Rasulullah sadar bahwa pada saat itu memang tak ada kaum Muslim yg memiliki keahlian lebih baik dari kaum Yahudi dalam hal mengelola tanah Khaibar. Namun Rasulullah sadar bahwa suatu saat pasti ada kaum Muslim yg memiliki keahlian di bidang tersebut. Sehingga Rasulullah hanya mengizinkan kaum Yahudi buat tinggal di Khaibar dan mengolah tanahnya dalam jangka waktu yg dimaukannya, tak terus-terusan. 

Alasan Rasulullah membiarkan dan mengizinkan kaum Yahudi tinggal di Khaibar ialah buat membangkitkan pemanfaatan tanah produktif sebaik-baiknya dan meningkatkan semangat aktivitas ekonomi pertanian masyarakat setempat, tak lebih.

Ketiga, menghidupkan lahan yg mati. Rasulullah selalu menyerukan kepada para sahabatnya buat menghidupkan tanah-tanah yg tak dikelola. Rasulullah tak membiarkan ada lahan sejengkal pun di wilayah kekuasaan umat Islam yg mati atau tak dikelola.

“Barang siapa menghidupkan lahan yg mati, maka ia ialah miliknya,” kata Rasulullah sebagaimana diriwayatkan Imam Malik dalam kitabnya Muwattha’.

Dalam hadits lain, Rasulullah juga mendorong supaya para kaum Muslim menanam suatu tanaman atau menaburkan benih di atas lahan-lahan kosong. Mengapa? Karena siapapun yg memakan hasilnya itu –baik manusia atau pun hewan- maka yg menaman atau menabur mau mendapatkan pahala sedekah.

“Siapapun Muslim yg menanamkan suatu tanaman atau menabur suatu benih, kemudian hasilnya dimakan oleh burung atau manusia atau binatang ternak, melainkan ia menjadi sedekah baginya,” kata Rasulullah.

Demikian cara Rasulullah mengelola kekayaan alam di wilayah yg dikuasainya dan umat Islam. Memang, kekayaan alam pada zaman Rasulullah tak lah se-kompleks seperti saat ini. Dulu kekayaan alam hanya yg tampak di atas permukaan tanah, saat ini kekayaan alam yg lebih melimpah ada di dalam bumi seperti emas, timah, batubara, gas, minyak, dan lainnya.  

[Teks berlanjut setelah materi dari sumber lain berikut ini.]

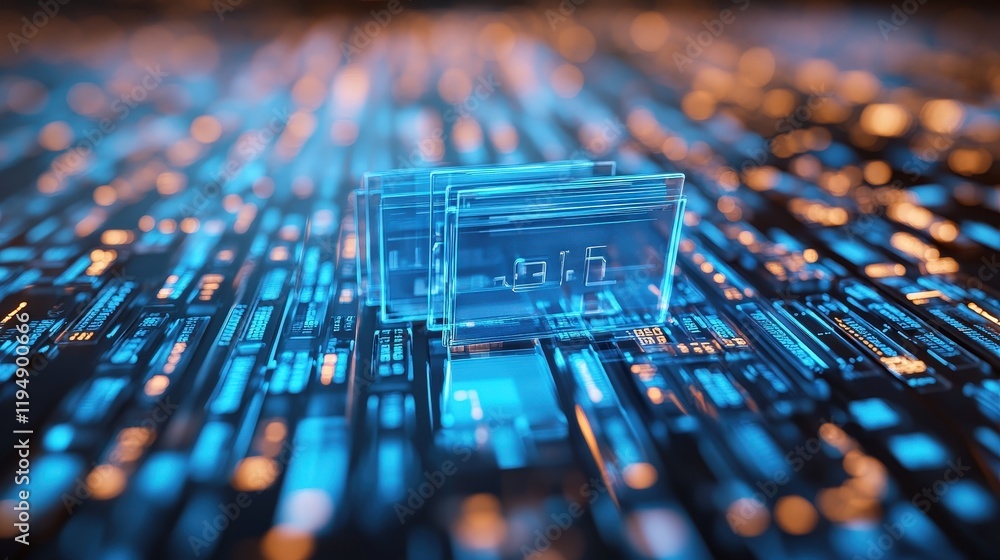 Poster digital database concept with abstract holographic documents on a glowing technological background r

Namun demikian, secara garis besar Rasulullah telah memberikan ‘panduan kebijakan’ tentang bagaimana cara mengelola kekayaan alam. Yakni kekayaan alam harus dikelola buat kemaslahatan bersama, bukan buat perorangan atau kelompok. (A Muchlishon Rochmat)





Uncategorized

Leave a Reply

Your email address will not be published. Required fields are marked *

This site uses Akismet to reduce spam. Learn how your comment data is processed.